Nutrition taking precedence over taste or vice-versa depends upon the taste buds of the individual and also the perception for health a person possesses. There have been a slew of campaigns on health, diet, and calories et al by which governments and non-profit organizations are constantly driving awareness in people. There are legislations aplenty like printing the calorific values of eatables- especially fast foods and junk food on the wrappers so consumers understand the nature of nutrition they consume. Despite many such regulations, bad diets continue to mar the food markets with gay abandon.
A recent study reveals that some baby foods are abound in sugar and fat than cheeseburgers and chocolate biscuits on the pretext of being healthy. Poor nutrition which otherwise would take a toll on a baby’s health seems to be the prevailing fact if another survey is to be reckoned with. The survey results on 100 baby foods exposed the absolute lack of nutrition and rather than being benign, they were found to be high in sugar and saturated fats. According to children’s food campaign joint coordinator Christine Haigh “… some are worse than junk food”.
Food manufacturers have a different yardstick to justify their stand in that they claim the studies and surveys are based only on a meager 100 gram basis, whereas ‘in total’ the foods had a relatively modest amount of sugar and fat.
Look into the other fact. Doctors in India feel that junk food is the cause of asthma in children- the truth, which couldn’t have come at a more opportune moment – on the ‘World Asthma Day’ observed every year on May 5. Childhood Asthma is on the rise in India, which Doctors attribute the probability of occurrence due to junk foods. The reasoning is that for normal development of the lungs, essential vitamins and minerals are necessary, which children do not get from junk food. The needle of suspicion point towards junk foods apart from reasons like genetics and environment, though doctors acknowledge that research is yet to be carried out in that direction.

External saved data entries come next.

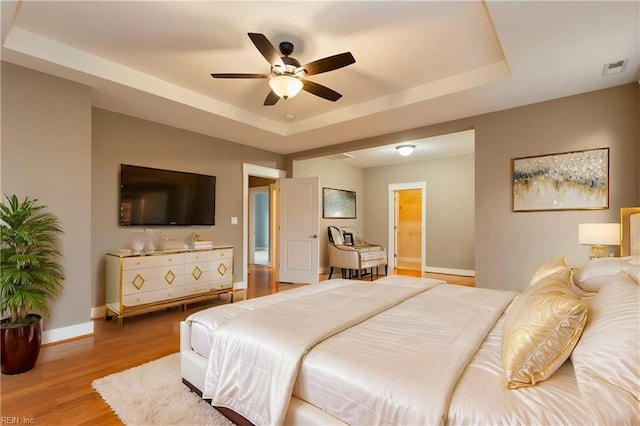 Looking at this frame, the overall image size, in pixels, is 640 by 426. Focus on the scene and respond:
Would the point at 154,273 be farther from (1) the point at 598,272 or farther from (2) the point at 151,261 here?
(1) the point at 598,272

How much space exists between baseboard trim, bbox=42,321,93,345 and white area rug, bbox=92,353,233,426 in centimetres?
111

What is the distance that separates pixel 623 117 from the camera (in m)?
3.05

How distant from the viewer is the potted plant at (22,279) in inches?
90.4

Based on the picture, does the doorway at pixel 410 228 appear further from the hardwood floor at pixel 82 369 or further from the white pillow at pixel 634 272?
the white pillow at pixel 634 272

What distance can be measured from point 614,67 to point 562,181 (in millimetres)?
1130

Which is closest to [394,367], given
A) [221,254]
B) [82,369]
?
[82,369]

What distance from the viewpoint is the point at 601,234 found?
9.32 ft

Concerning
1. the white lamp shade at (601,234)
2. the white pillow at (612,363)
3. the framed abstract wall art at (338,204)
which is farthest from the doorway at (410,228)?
the white pillow at (612,363)

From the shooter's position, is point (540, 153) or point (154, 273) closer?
point (540, 153)

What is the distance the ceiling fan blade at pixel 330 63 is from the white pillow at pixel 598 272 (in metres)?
2.18

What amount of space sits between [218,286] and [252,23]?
3.28 m

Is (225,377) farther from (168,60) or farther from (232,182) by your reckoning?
(232,182)

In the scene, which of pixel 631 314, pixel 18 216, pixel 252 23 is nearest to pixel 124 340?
pixel 18 216

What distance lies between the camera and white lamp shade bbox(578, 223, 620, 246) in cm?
280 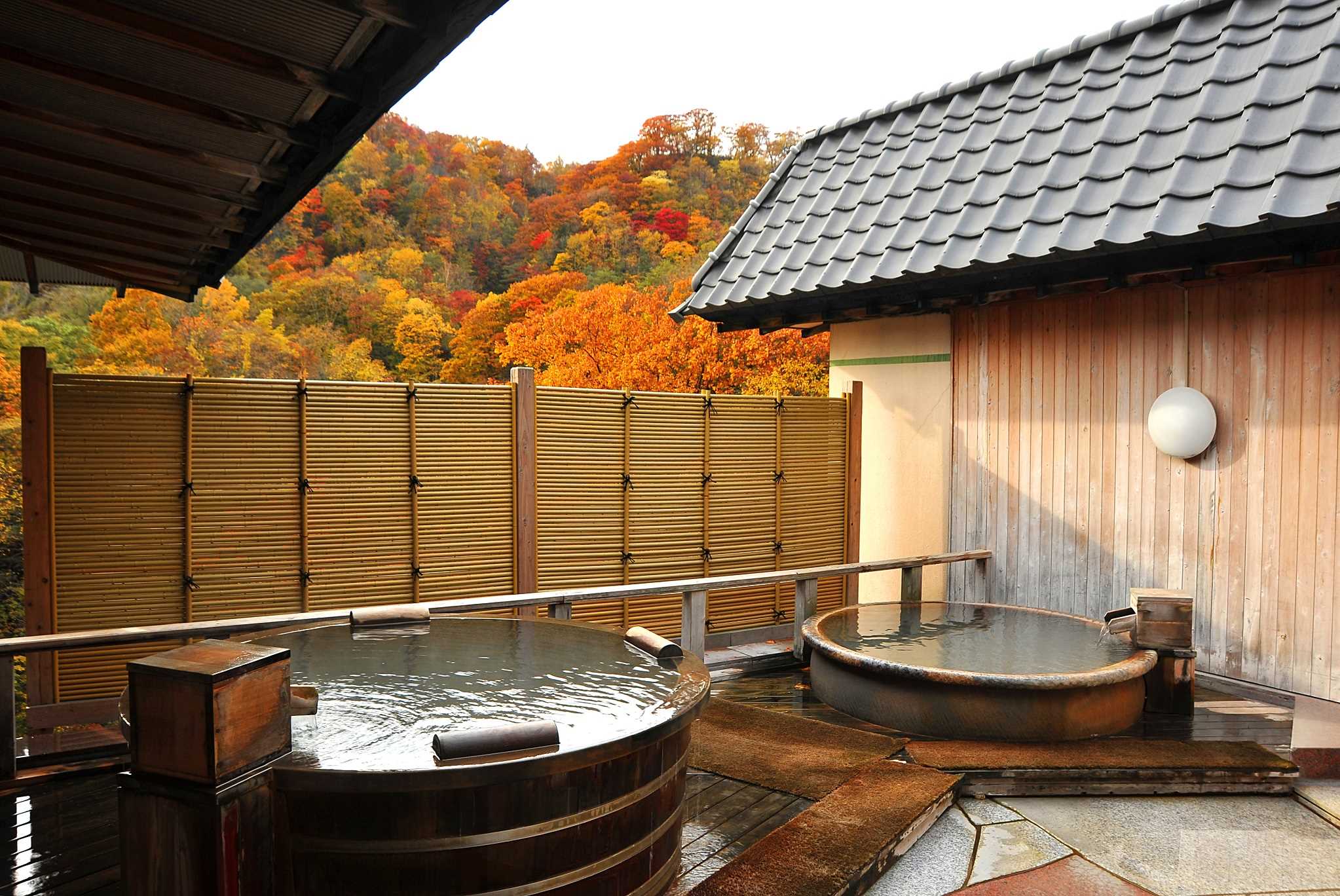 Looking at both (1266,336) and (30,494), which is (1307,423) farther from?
(30,494)


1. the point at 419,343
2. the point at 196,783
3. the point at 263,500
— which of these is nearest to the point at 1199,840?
the point at 196,783

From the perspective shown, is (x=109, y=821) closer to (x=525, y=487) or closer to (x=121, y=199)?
(x=121, y=199)

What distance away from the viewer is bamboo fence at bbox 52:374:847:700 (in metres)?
5.12

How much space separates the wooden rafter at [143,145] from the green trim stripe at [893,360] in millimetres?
5119

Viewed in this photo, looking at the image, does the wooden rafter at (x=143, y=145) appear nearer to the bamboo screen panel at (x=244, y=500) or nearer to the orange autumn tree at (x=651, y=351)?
the bamboo screen panel at (x=244, y=500)

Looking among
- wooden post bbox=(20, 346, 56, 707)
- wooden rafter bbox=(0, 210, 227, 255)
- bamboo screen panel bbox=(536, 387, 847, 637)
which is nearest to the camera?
wooden post bbox=(20, 346, 56, 707)

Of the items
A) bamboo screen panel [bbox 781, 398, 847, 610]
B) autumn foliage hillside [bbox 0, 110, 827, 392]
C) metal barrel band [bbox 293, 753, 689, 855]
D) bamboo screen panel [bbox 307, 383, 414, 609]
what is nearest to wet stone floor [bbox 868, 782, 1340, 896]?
metal barrel band [bbox 293, 753, 689, 855]

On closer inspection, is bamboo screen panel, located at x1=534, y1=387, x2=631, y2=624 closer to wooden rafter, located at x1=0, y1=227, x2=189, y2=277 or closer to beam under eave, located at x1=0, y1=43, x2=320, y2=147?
wooden rafter, located at x1=0, y1=227, x2=189, y2=277

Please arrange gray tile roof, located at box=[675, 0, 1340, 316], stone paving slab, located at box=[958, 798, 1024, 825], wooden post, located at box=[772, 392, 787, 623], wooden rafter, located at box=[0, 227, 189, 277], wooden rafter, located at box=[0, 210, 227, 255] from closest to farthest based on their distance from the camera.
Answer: stone paving slab, located at box=[958, 798, 1024, 825], gray tile roof, located at box=[675, 0, 1340, 316], wooden rafter, located at box=[0, 210, 227, 255], wooden rafter, located at box=[0, 227, 189, 277], wooden post, located at box=[772, 392, 787, 623]

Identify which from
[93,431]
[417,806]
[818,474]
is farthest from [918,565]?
[93,431]

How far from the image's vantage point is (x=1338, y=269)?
5051 millimetres

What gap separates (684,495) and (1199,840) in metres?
4.32

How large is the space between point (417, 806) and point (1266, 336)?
17.8 feet

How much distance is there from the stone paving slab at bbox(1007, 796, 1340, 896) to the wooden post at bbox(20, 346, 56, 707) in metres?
4.79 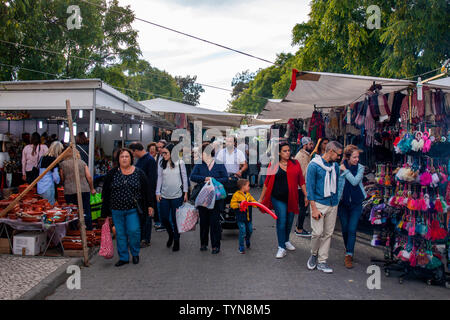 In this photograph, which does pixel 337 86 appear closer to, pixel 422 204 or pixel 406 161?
pixel 406 161

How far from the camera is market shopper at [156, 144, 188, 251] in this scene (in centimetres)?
683

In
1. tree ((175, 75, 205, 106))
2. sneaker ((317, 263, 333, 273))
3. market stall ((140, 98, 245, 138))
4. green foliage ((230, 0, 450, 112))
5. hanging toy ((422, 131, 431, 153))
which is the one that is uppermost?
tree ((175, 75, 205, 106))

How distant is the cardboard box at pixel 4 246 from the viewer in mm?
6477

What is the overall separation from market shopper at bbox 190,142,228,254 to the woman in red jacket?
35.8 inches

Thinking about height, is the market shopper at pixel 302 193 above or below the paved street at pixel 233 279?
above

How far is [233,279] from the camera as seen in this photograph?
17.2ft

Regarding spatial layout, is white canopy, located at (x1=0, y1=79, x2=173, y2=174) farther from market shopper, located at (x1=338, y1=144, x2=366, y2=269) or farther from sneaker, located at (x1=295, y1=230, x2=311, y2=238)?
market shopper, located at (x1=338, y1=144, x2=366, y2=269)

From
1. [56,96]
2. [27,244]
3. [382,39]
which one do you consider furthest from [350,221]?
[382,39]

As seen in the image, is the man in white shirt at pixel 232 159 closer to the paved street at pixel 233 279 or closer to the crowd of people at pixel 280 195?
the crowd of people at pixel 280 195

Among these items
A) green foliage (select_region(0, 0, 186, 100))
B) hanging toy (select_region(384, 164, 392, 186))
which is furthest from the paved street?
green foliage (select_region(0, 0, 186, 100))

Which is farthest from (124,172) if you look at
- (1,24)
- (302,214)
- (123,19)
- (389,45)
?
(123,19)

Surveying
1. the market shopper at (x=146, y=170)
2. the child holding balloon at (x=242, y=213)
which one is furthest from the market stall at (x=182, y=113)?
the child holding balloon at (x=242, y=213)

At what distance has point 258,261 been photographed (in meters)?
6.18

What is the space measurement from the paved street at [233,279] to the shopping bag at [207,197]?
87cm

If this is one side of the coin, a baby has been reported to consume nearly 3000 calories a day. Believe it or not! The consumption is staggering, which is 500 calories more than recommended for grown-up men. However, the prematurely born baby Agatha Holloway is fed with nutrition equivalent to 20,000 calories, as she was underweight as a sixteen month old and weighed only 17 pounds. Her diet consists of porridge with clotted cream for breakfast and toast with chocolate spread followed by mid morning snacks such as avocado and hummus. Fatty puddings, meat, roasts and foods drowned in olive oil, butter and cream are other generous doses of food that the baby has to eat for her health maintenance.
The general adherence to basics of abstinence from monounsaturated foods, fatty items and foods of high calorific values outweighs uncommon examples as above. Only the rarest of rare cases qualify for heavy inputs of fatty diets with caution and expert advice. And the need to think twice before going in for baby foods at random is another desideratum that would certainly reduce the problems of tiny toddlers to a greater extent.